Friday, October 22, 2010

Two Weddings, One Ass

There is a terrific Yiddish expression that currently sums up a large part of what Juan Williams did wrong: "You can't dance in two weddings with one ass."

Fox News and National Public Radio are two very different weddings, playing very different music and enjoying very different food. Trying to please the machers at both was bound to be an exercise in futility, if not self-destruction.

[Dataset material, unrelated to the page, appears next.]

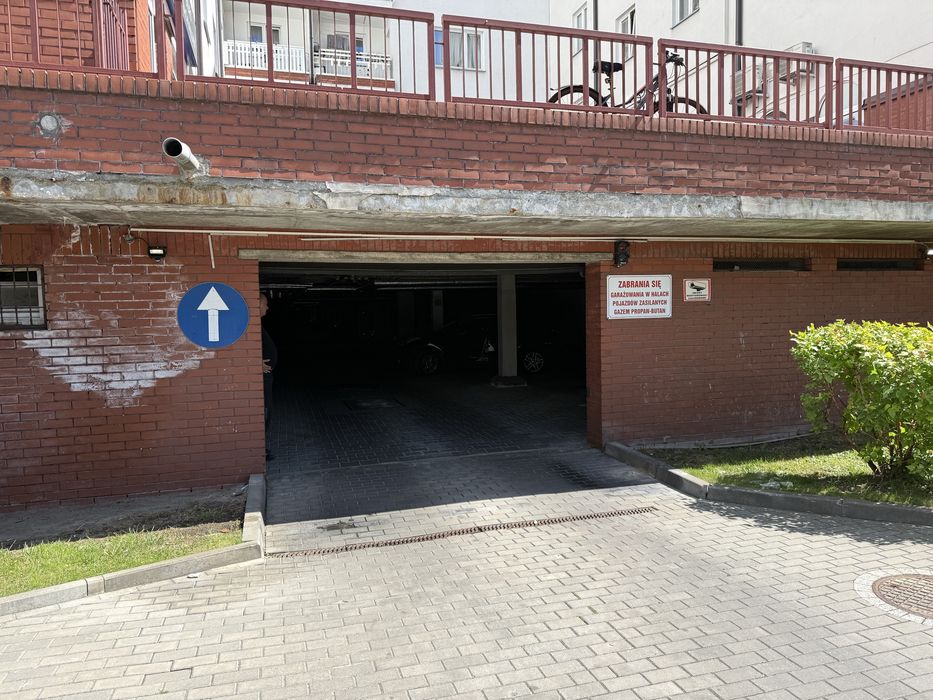 Miejsce postojowe do wynajęcia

Besides, wasn't this so far over-the-top as to be almost passive-aggressive? (After all, he got to be the news story for a change, and he got a hefty raise too.) Telling O'Reilly "you're right"? Using the words "I'm not a bigot" and then NOT STOPPING THERE?

Here's the full quote:
"I mean, look, Bill, I'm not a bigot. You know the kind of books I've written about the civil rights movement in this country," Williams said Monday. "But when I get on a plane, I got to tell you, if I see people who are in Muslim garb and I think, you know, they are identifying themselves first and foremost as Muslims, I get worried. I get nervous."
For those who are saying that Williams was fired in violation of his 1st Amendment rights, an anonymous NPR exec rolls his eyes in the Washington Post: "Williams's comments on Monday were the last straw, the executive said. He dismissed suggestions that NPR was suppressing Williams's freedom of speech, saying, "Juan has a First Amendment right to say whatever he wants. He does not have a First Amendment right to be paid by NPR for saying whatever he wants." And there's the rub. Though we are all free to talk, we are not free to escape the consequences. Not even if a lot of loudmouths agree with us.

Besides, considering that Tea Party senatorial candidate Christine O'Donnell just publicly revealed she doesn't know what the 1st Amendment entails, the Republicans probably shouldn't be drawing too much attention to the Bill of Rights.

As TNC points out, what Williams said was a problem. What Williams CONTINUES to say leeches out any potential sympathy I'd have for him. From today's NYT:
Mr. Williams said in an essay published Thursday on FoxNews.com that he was fired "for telling the truth."

He continued in the essay: "Now that I no longer work for NPR let me give you my opinion. This is an outrageous violation of journalistic standards and ethics by management that has no use for a diversity of opinion, ideas or a diversity of staff (I was the only black male on the air). This is evidence of one-party rule and one-sided thinking at NPR that leads to enforced ideology, speech and writing. It leads to people, especially journalists, being sent to the gulag for raising the wrong questions and displaying independence of thought."
Sent to the gulag! Somewhere, Solzhenitsyn is groaning in his grave and stuffing dirt in his ears. If Williams is really that convinced that he is a victim of severe, historical injustice, then he belong at Fox News. Let me be the first to say, Welcome home.